On April 4, before submission to the Diet, Matsumoto Jōji addressed a confidential session of the Privy Council and was explicitly asked if renouncing the “right of belligerency” prohibited a war of self-defense. He answered that it did not. “ ‘The right of belligerency’ implies a declared war,” Matsumoto stated, “but does not purport to prohibit acts of self-defense.”53 In the opening sessions of the parliament, on the other hand, Prime Minister Yoshida said the opposite. On June 26, he indicated that Article 9 entailed renunciation of the right of self-defense as well as the right of belligerency. All aggressive wars, including Japan’s recent aggression beginning in 1931, he observed, were waged in the name of self-defense.

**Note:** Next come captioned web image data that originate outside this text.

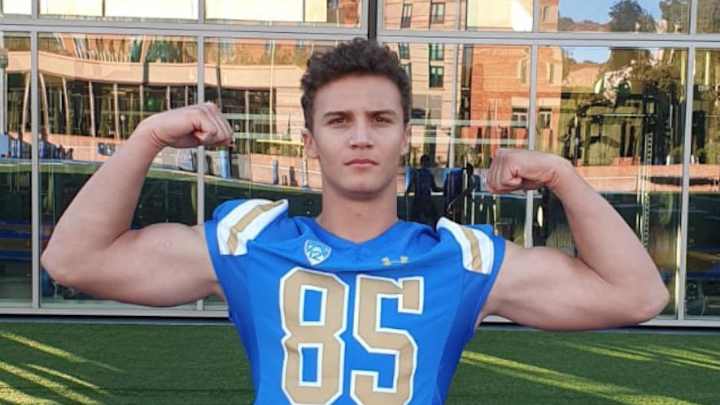 German TE Philip Okonkwo Feeling 'Good Vibes' from WVU Staff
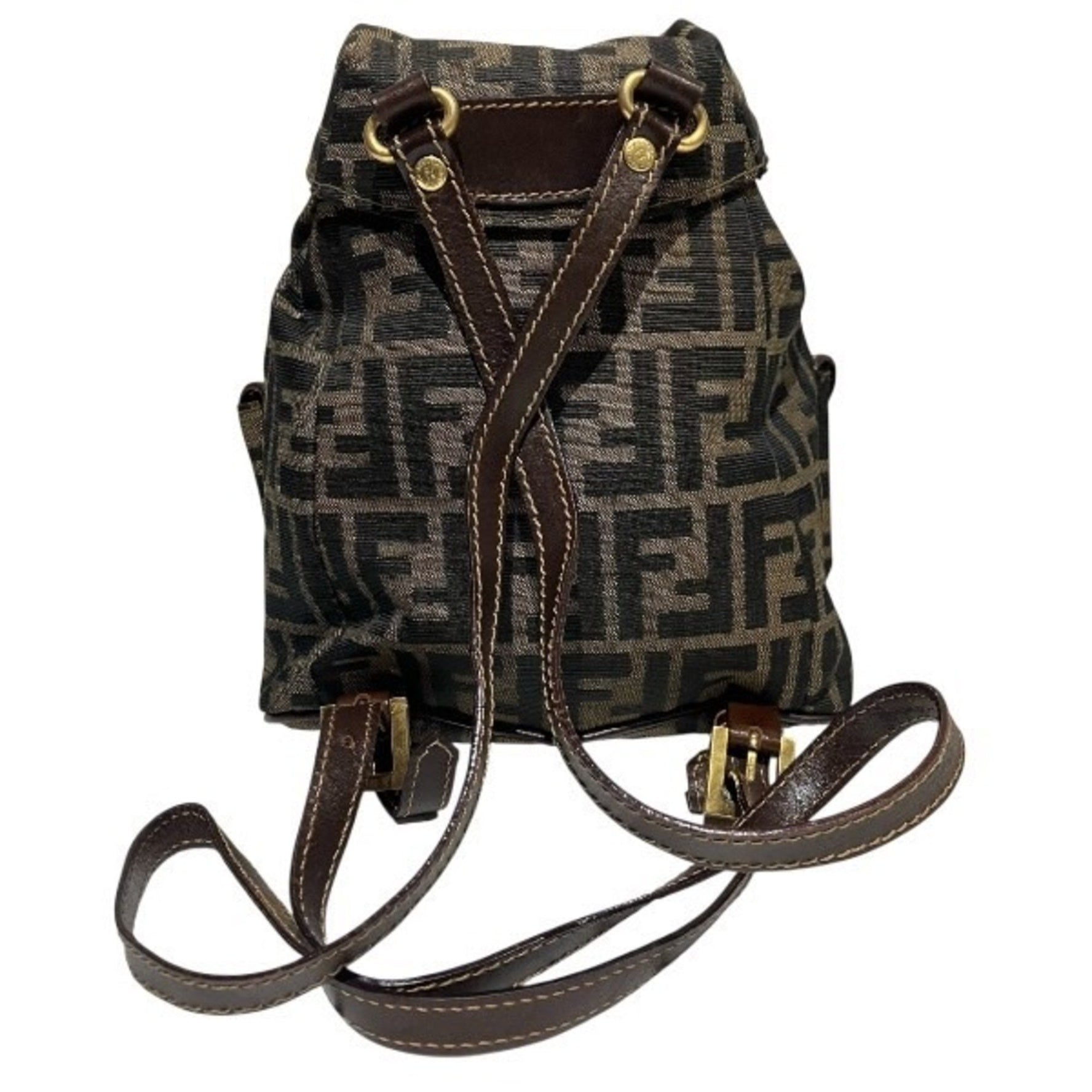 Fendi Zucca Mini Backpack
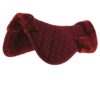 Bont onderlegger Riding World bordeaux -25% Maat cob/full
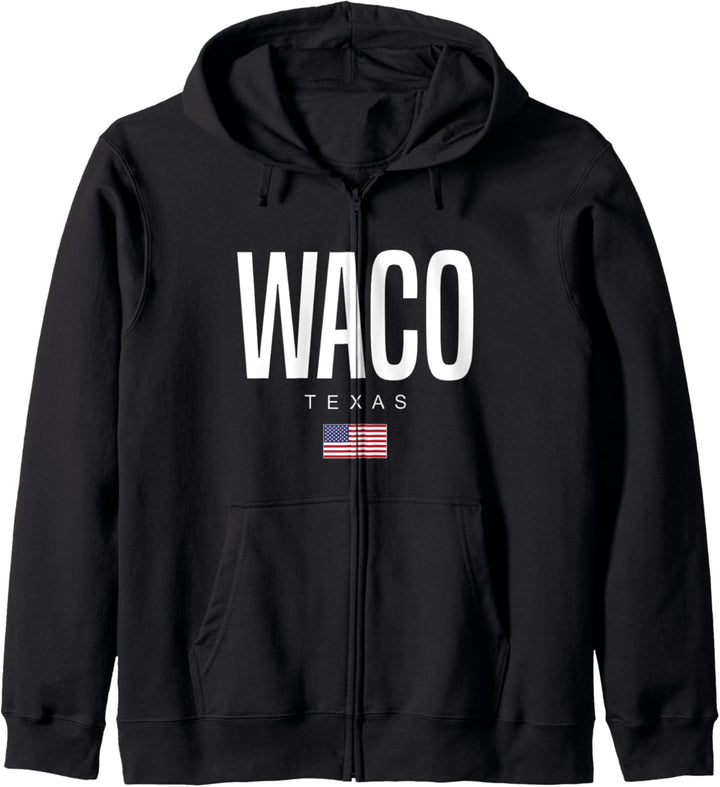 Waco Texas Kapuzenjacke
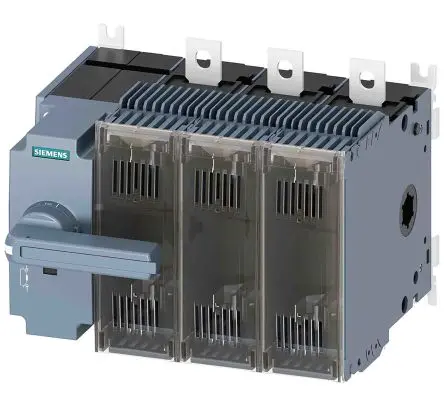 Produktfoto 1 von Siemens 3KD Trennschalter / 3-polig 250A Umschlossen, Size 3 Sicherungsgröße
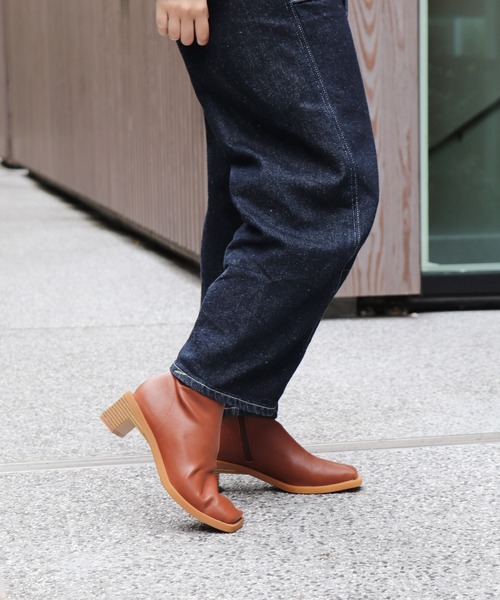 EVOL（イーボル）の「【EVOL】  ストレッチブーツ IR9585（ブーツ・レディース・ブラック/ベージュ/ブラウン・S/M/L）」の5枚目の写真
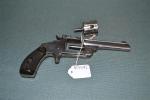 SW 38 SA second modèle canon 3 pouces
N° 33198. Revolver...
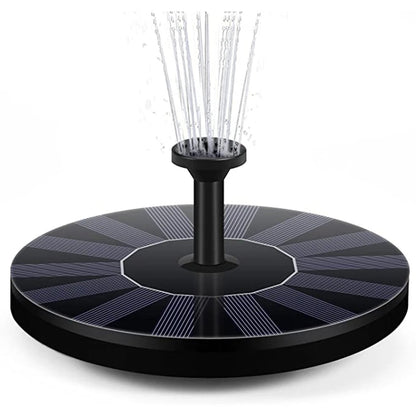 Solar Water Fountain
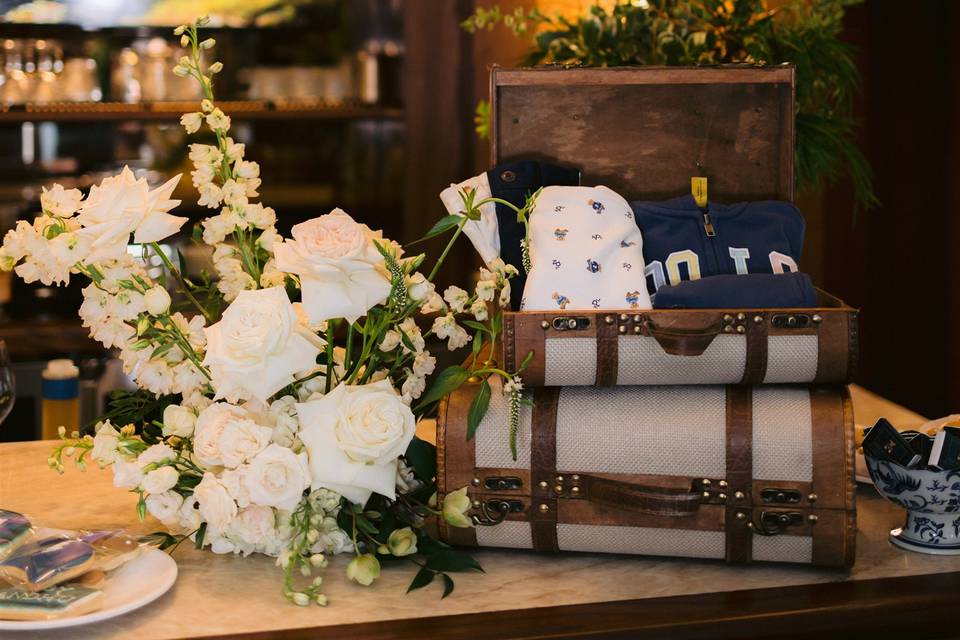 Houston baby shower design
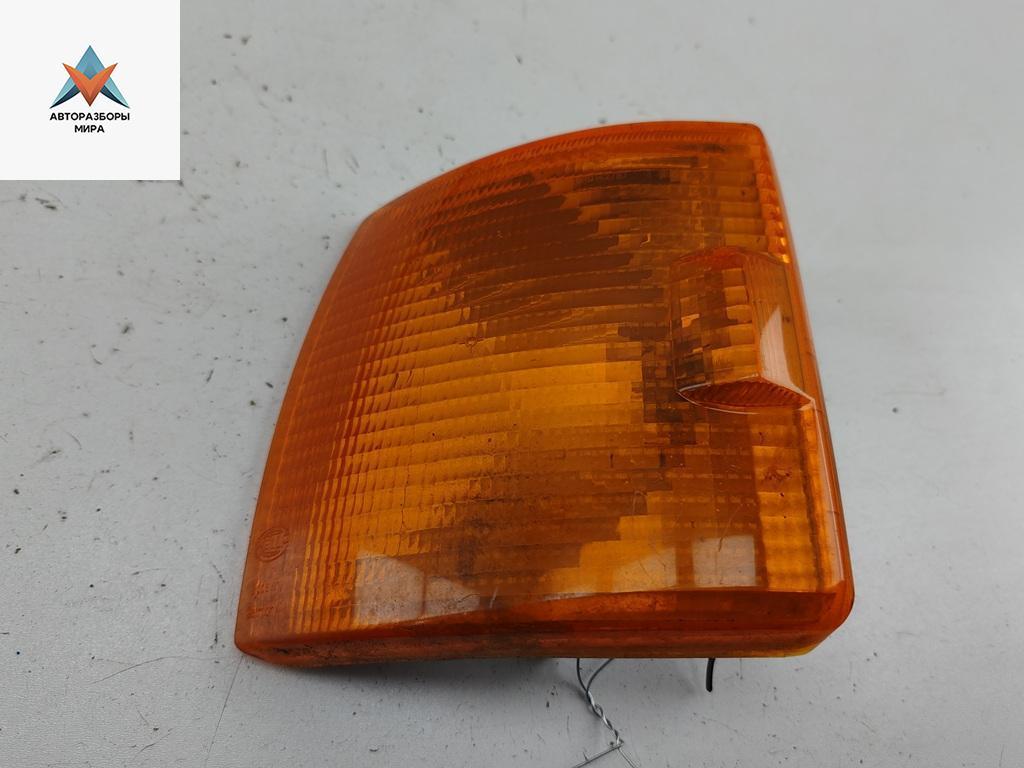 Поворотник (указатель поворота) левый Volkswagen Transporter T4 1991, 1.9 л., дизель, МКПП, белый, микроавтобус - фото №1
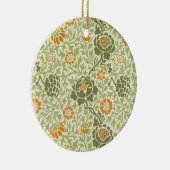 Grafton Pattern (von William Morris) Keramik Ornament (Rechts)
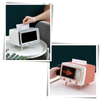Retro TV Tissue Dispenser With Phone Holder For Easy Access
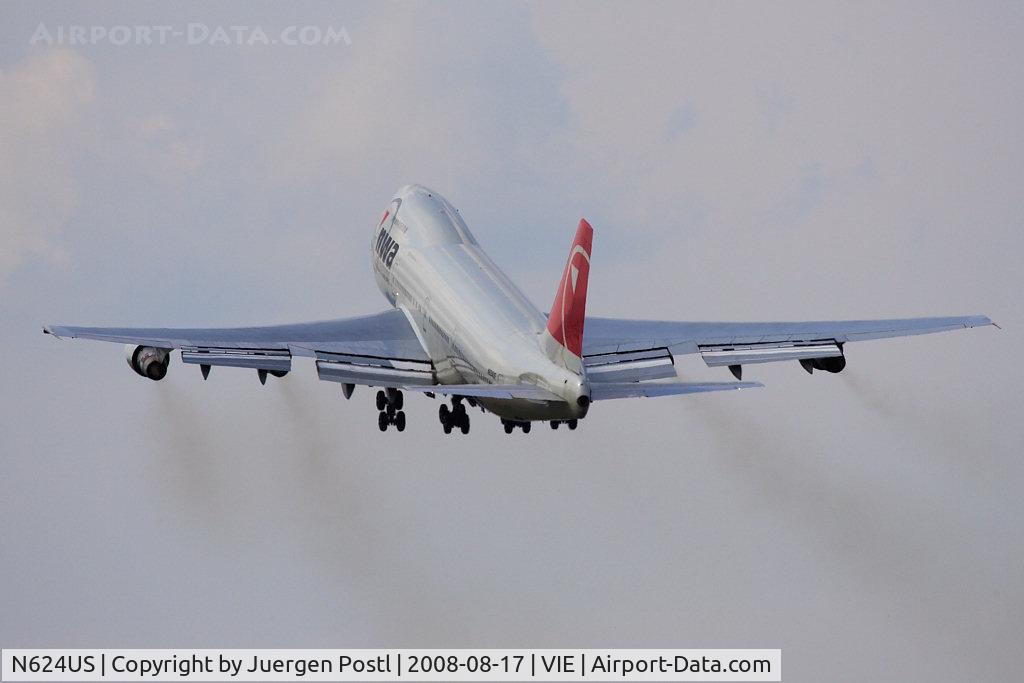 N624US, 1979 Boeing 747-251B C/N 21706, Boeing 747-251B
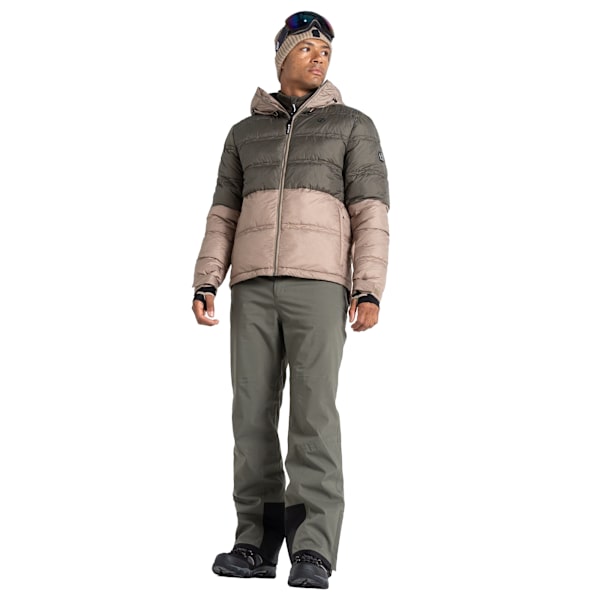 Dare 2B herr Ollie vattentät skidjacka M Lichen Green/Clay Lichen Green/Clay M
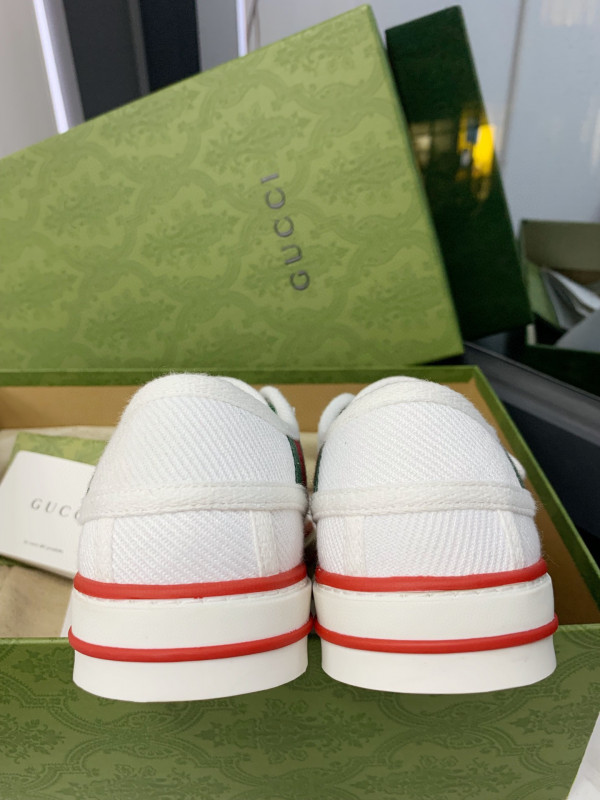 HOT SALE GUCCI Tennis 1977 sneaker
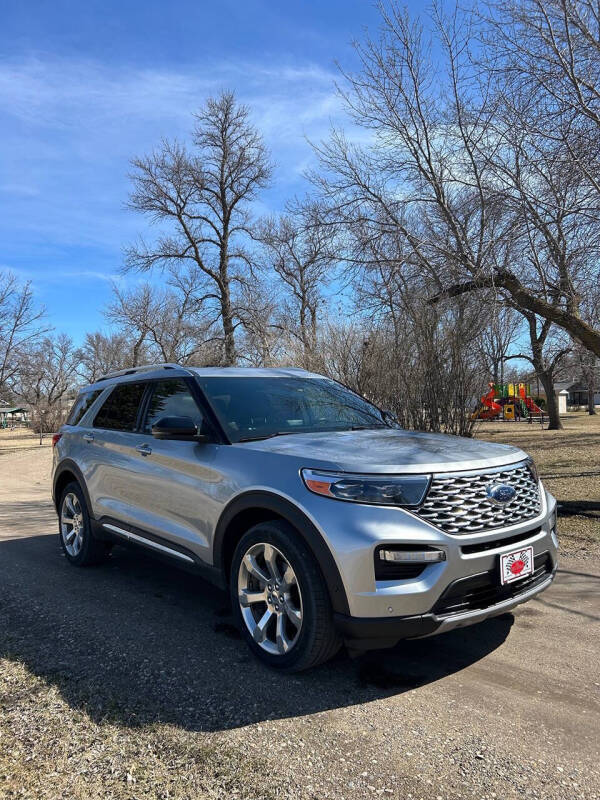 2020 Ford Explorer Platinum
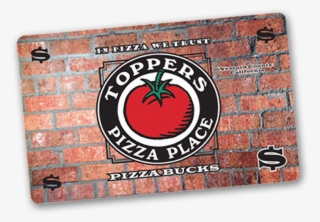 A Great Pizza Experience Available At All Topper's - Toppers Pizza
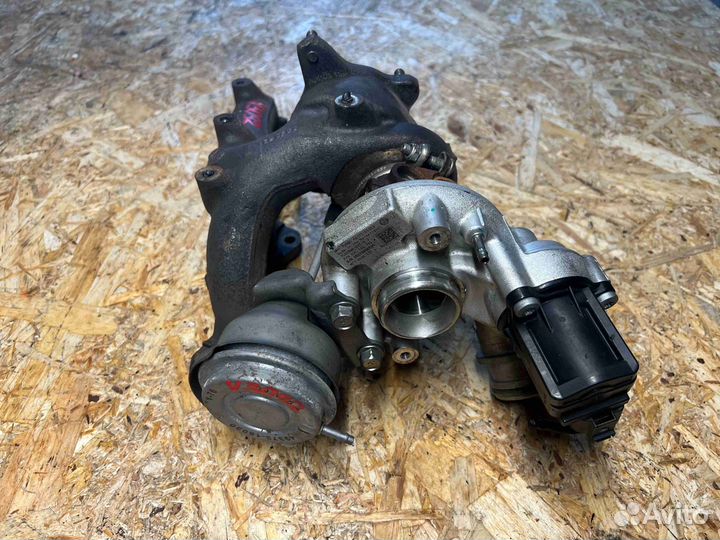 Турбина Volkswagen jetta 6 (5C6 2010- в производст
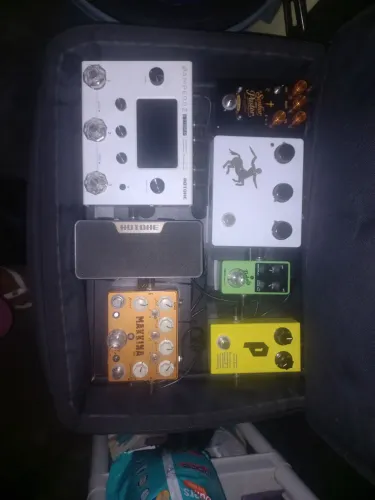 Vendo setup de pedais completo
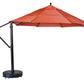 13' Easy Tilt-Lift Galtech Cantilever Umbrella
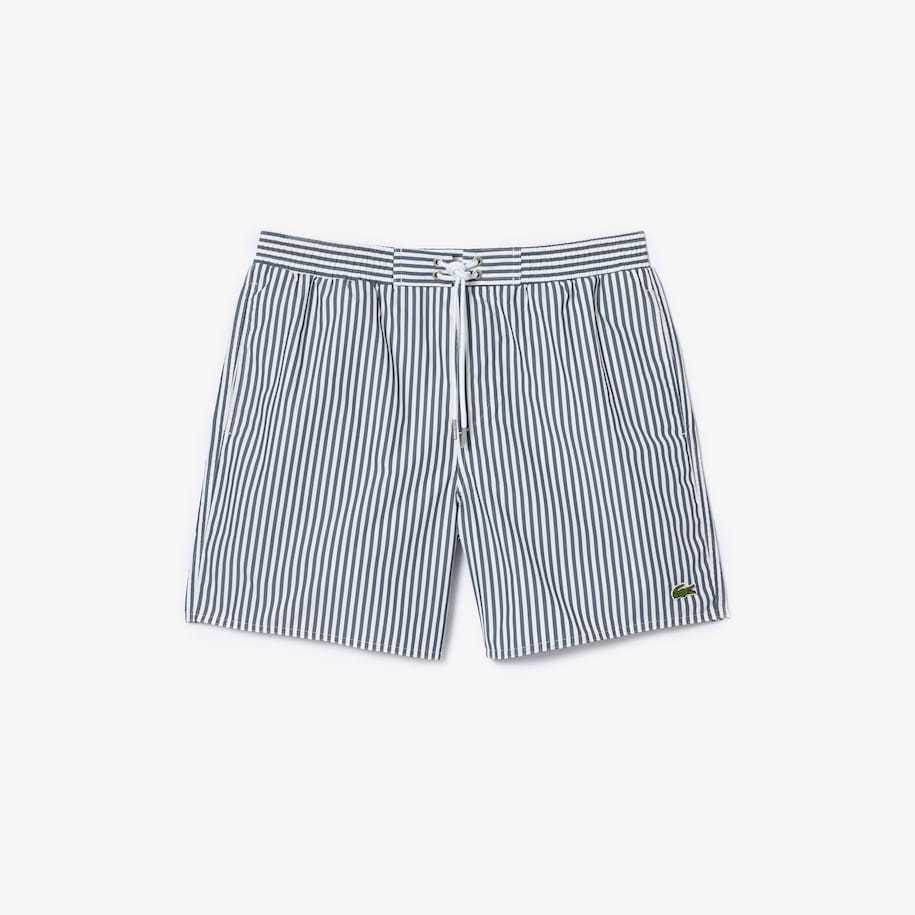 SHORT DE BAIN À RAYURES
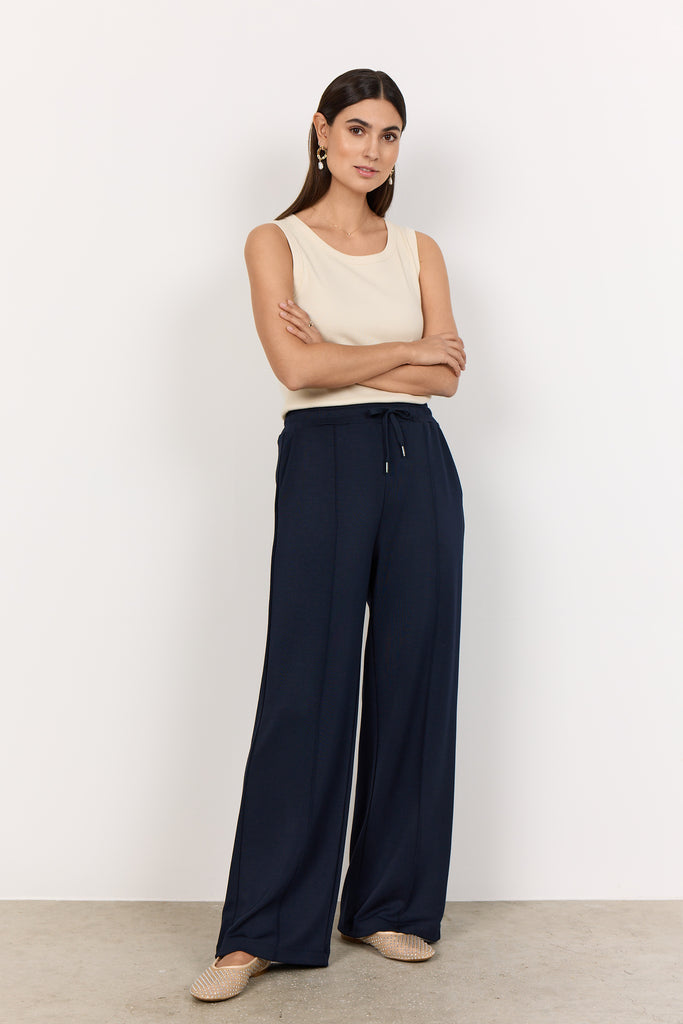 Soya Concept Banu 265 Pants- Navy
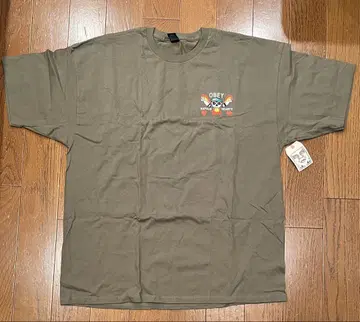 OBAY XXL NAPALM HEARTS TEE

Two days later, the prime minister had occasion to elaborate on this when Nosaka Sanzō challenged the wisdom of such a constitutional restraint. It was necessary, the Communist leader declared, to distinguish between just and unjust wars, and when this was kept in mind it became obvious that every nation had the right to self-defense. Yoshida, who prided himself on being a “realist,” found himself arguing the realism of idealism. “It has been suggested that war may be justified by a nation’s right of legitimate self-defense,” he retorted, “but I think that the very recognition of such a thing is harmful.” Japan would rely for its future security on an international peace organization. In one form or another, Yoshida reiterated this interpretation of Article 9 for several years thereafter.54

In the final stages of its deliberations, the House of Representatives adopted a change in the wording of Article 9 proposed by its influential subcommittee on constitutional revision, chaired by Ashida Hitoshi. Approved by the upper house, this became the final wording in the new constitution:

 

Aspiring sincerely to an international peace based on justice and order, the Japanese people forever renounce war as a sovereign right of the nation and the threat or use of force as a means of settling international disputes.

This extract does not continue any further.